Dataset excerpt:

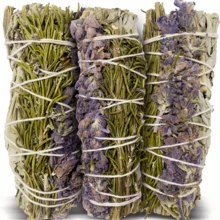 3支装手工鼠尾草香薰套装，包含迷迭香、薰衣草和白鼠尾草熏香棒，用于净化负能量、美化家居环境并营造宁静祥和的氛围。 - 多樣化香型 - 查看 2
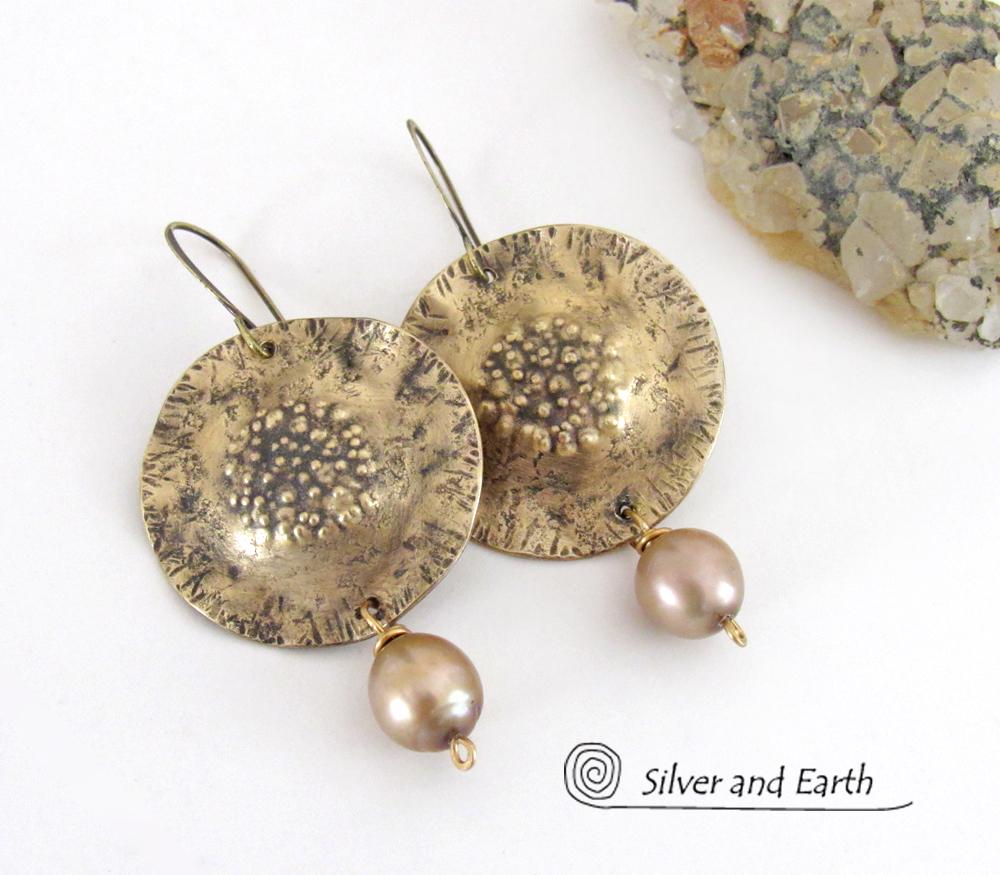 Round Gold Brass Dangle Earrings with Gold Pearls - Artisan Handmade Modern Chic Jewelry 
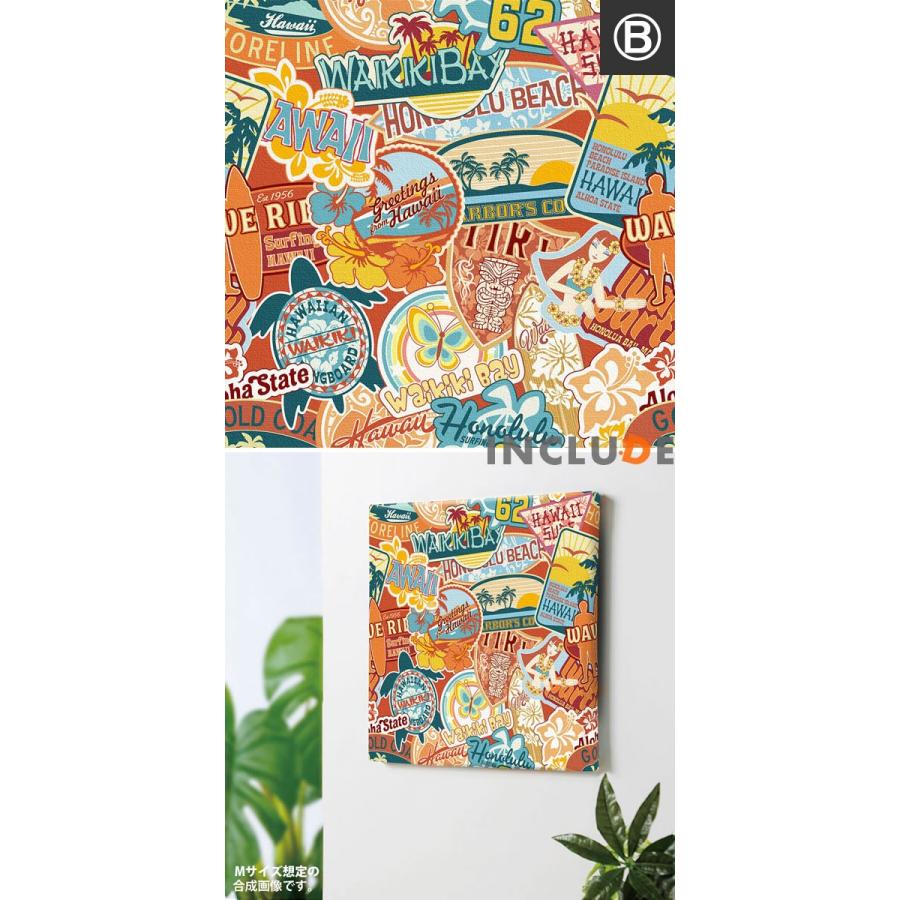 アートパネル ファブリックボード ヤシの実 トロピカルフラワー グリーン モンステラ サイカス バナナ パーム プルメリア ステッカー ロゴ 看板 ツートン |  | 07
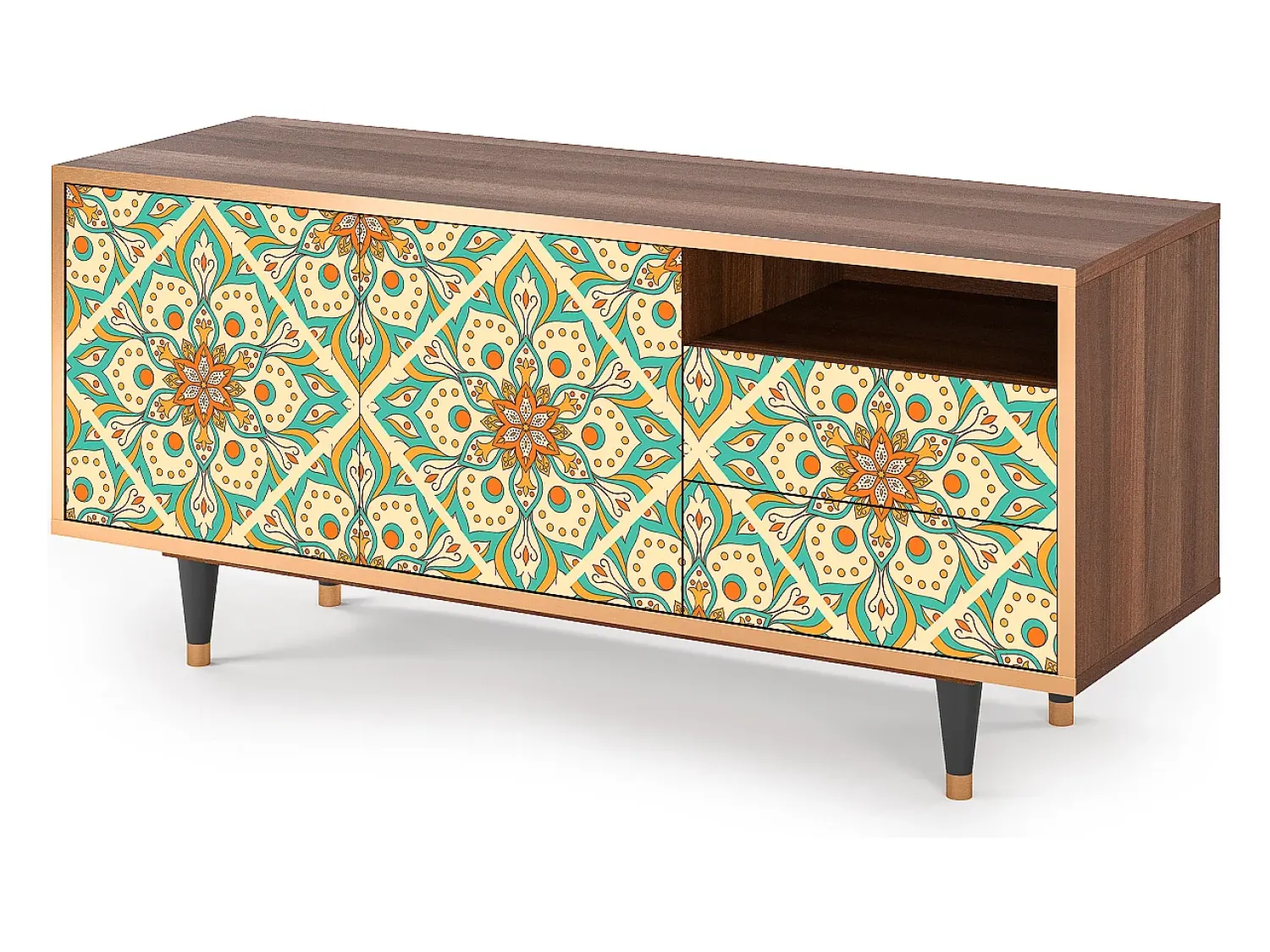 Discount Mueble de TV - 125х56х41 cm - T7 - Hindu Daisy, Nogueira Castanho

Requirement: Pictures are to be left out, and each line from the one that contains "Round Gold Brass" through the end of the listing is to be copied exactly.

Task result:
 Round Gold Brass Dangle Earrings with Gold Pearls - Artisan Handmade Modern Chic Jewelry 
 アートパネル ファブリックボード ヤシの実 トロピカルフラワー グリーン モンステラ サイカス バナナ パーム プルメリア ステッカー ロゴ 看板 ツートン |  | 07
 Discount Mueble de TV - 125х56х41 cm - T7 - Hindu Daisy, Nogueira Castanho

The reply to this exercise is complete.